Li C, Motaleb A, Sal M, Goldstein S F, Charon N W
Department of Microbiology and Immunology, Health Sciences Center, West Virginia University, Morgantown 26506-9177, USA.
J Mol Microbiol Biotechnol. 2000 Oct;2(4):345-54.
Spirochetes have a unique structure, and as a result their motility is different from that of other bacteria. They also have a special attribute: spirochetes can swim in a highly viscous, gel-like medium, such as that found in connective tissue, that inhibits the motility of most other bacteria. In spirochetes, the organelles for motility, the periplasmic flagella, reside inside the cell within the periplasmic space. A given periplasmic flagellum is attached only at one end of the cell, and depending on the species, may or may not overlap in the center of the cell with those attached at the other end. The number of periplasmic flagella varies from species to species. These structures have been shown to be directly involved in spirochete motility, and they function by rotating within the periplasmic space. The mechanics of motility also vary among the spirochetes. In Leptospira, a motility model developed several years ago has been extensively tested, and the evidence supporting this model is convincing. Borrelia burgdorferi swims differently, and a model of its motility has been recently put forward. This model is based on analyzing the motion of swimming cells, high voltage electron microscopy of fixed cells, and mutant analysis. To better understand spirochete motility on a more molecular level, the proteins and genes involved in motility are being analyzed. Spirochete periplasmic flagellar filaments are among the most complex of bacterial flagella. They are composed of the FlaA sheath proteins, and in many species, multiple FlaB core proteins. Allelic exchange mutagenesis of the genes which encode these proteins is beginning to yield important information with respect to periplasmic flagellar structure and function.
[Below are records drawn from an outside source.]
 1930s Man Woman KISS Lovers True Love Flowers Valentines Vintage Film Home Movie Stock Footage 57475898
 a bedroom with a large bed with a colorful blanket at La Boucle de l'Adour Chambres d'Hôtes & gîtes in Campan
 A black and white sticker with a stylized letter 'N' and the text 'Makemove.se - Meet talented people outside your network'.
Although we are at an early stage with respect to analyzing the function, organization, and regulation of many of the genes involved in spirochete motility, unique aspects have already become evident. Future studies on spirochete motility should be exciting, as only recently have complete genome sequences and tools for allelic exchange mutagenesis become available.
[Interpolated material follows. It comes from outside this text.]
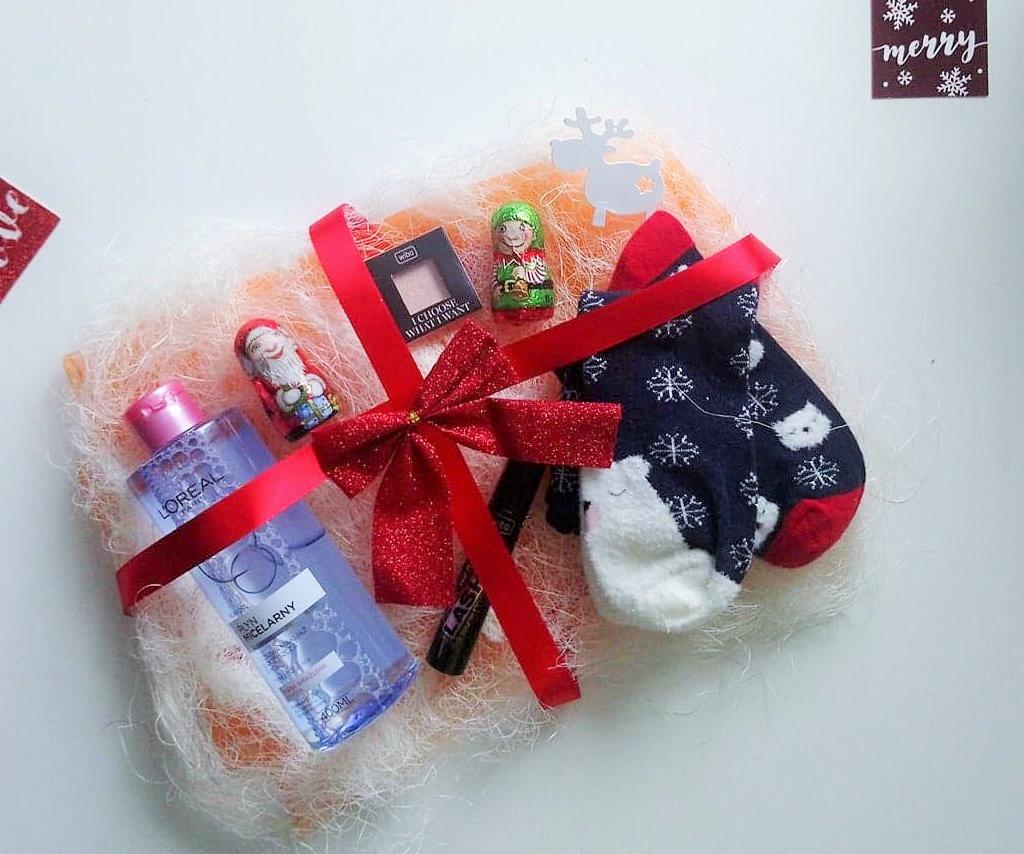 Świąteczny zestaw upominkowy z kosmetykami L'Oreal, skarpetkami w śnieżynki, czekoladowymi figurkami i cieniem do powiek, przewiązany czerwoną, brokatową wstążką na tle wypełniacza z włókien.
螺旋体具有独特的结构,因此它们的运动方式与其他细菌不同。它们还有一个特殊的特性:螺旋体能够在高度黏稠的凝胶状介质中游动,比如在结缔组织中发现的那种介质,而这种介质会抑制大多数其他细菌的运动。在螺旋体中,负责运动的细胞器——周质鞭毛,位于细胞内的周质空间中。一条给定的周质鞭毛仅附着在细胞的一端,并且根据物种的不同,它可能会也可能不会在细胞中央与附着在另一端的鞭毛重叠。周质鞭毛的数量因物种而异。这些结构已被证明直接参与螺旋体的运动,并且它们通过在周质空间内旋转来发挥作用。不同螺旋体的运动机制也有所不同。在钩端螺旋体中,几年前建立的一个运动模型已经得到了广泛测试,支持该模型的证据很有说服力。伯氏疏螺旋体的游动方式不同,最近有人提出了其运动模型。这个模型是基于对游动细胞的运动分析、固定细胞的高压电子显微镜观察以及突变分析得出的。为了在分子水平上更好地理解螺旋体的运动,正在对参与运动的蛋白质和基因进行分析。螺旋体的周质鞭毛丝是细菌鞭毛中最为复杂的之一。它们由FlaA鞘蛋白组成,并且在许多物种中,还包含多种FlaB核心蛋白。对编码这些蛋白质的基因进行等位基因交换诱变,已开始产生有关周质鞭毛结构和功能的重要信息。尽管在分析许多参与螺旋体运动的基因的功能、组织和调控方面我们仍处于早期阶段,但独特的方面已经显现出来。未来关于螺旋体运动的研究应该会很令人兴奋,因为直到最近才获得了完整的基因组序列和等位基因交换诱变工具。